SEC’s Expanding Crypto Oversight: Debating Boundaries and Public Digital Infrastructures

The birth of the internet, sparked by the adoption of the TCP/IP common communications protocol in 1983, created an open, public digital infrastructure with ubiquitous access expectations. In this realm, financial regulators at bodies such as the Securities and Exchange Commission (SEC) and the Federal Reserve largely did not view internet protocols as within their jurisdictions even as finance became more digitized, according to Linda Jeng, former financial regulator and current CEO of Digital Self Labs.

However, in the blockchain ecosystem, there are signs that the SEC is beginning to classify public digital infrastructures as falling within their financial regulatory authority.

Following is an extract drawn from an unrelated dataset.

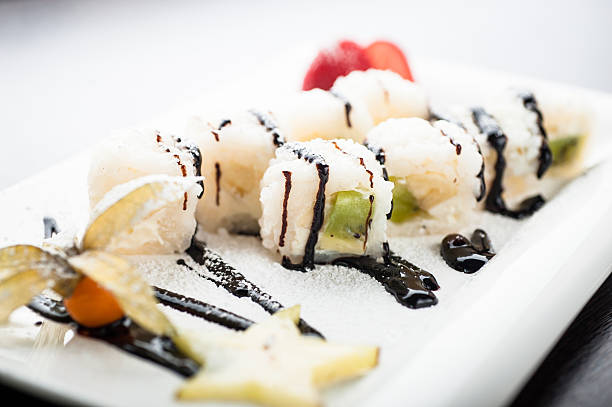Sushi dessert fruit maki with chocolate cream and bananas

For example, the SEC is rumored to be investigating if Ethereum’s native token ETH should be considered a security, and has announced intentions to investigate Uniswap, a decentralized automated crypto protocol.

The SEC’s assertion, as expressed in their recent complaint against Coinbase, declares that decentralized blockchain projects like Solana, Cardano, Filecoin among others are not truly decentralized, thereby indicating ambiguity over understanding the nature of public digital infrastructures. This belief appears to be influencing legal decisions, as indicated by recent rulings from US District Court Judge Failla in SEC v. Coinbase.

Critics argue that the SEC’s premise, termed the “ecosystem” argument, takes an expansive view that empowers the Commission to govern entire ecosystems rather than restricting its focus to whether tokens are securities. Such a wide scope potentially overlooks the varied and significant roles that decentralized protocols play in our digital economy, impacting areas such as digital identity, social media and gaming, among others.

As the SEC appears set to extend its jurisdiction over the digital economy, the broadening debate encompasses more than defining what qualifies as a security. Increasingly, it’s becoming a discourse on the nature and boundaries of the SEC’s regulatory remit over the public infrastructures powering today’s digital economies.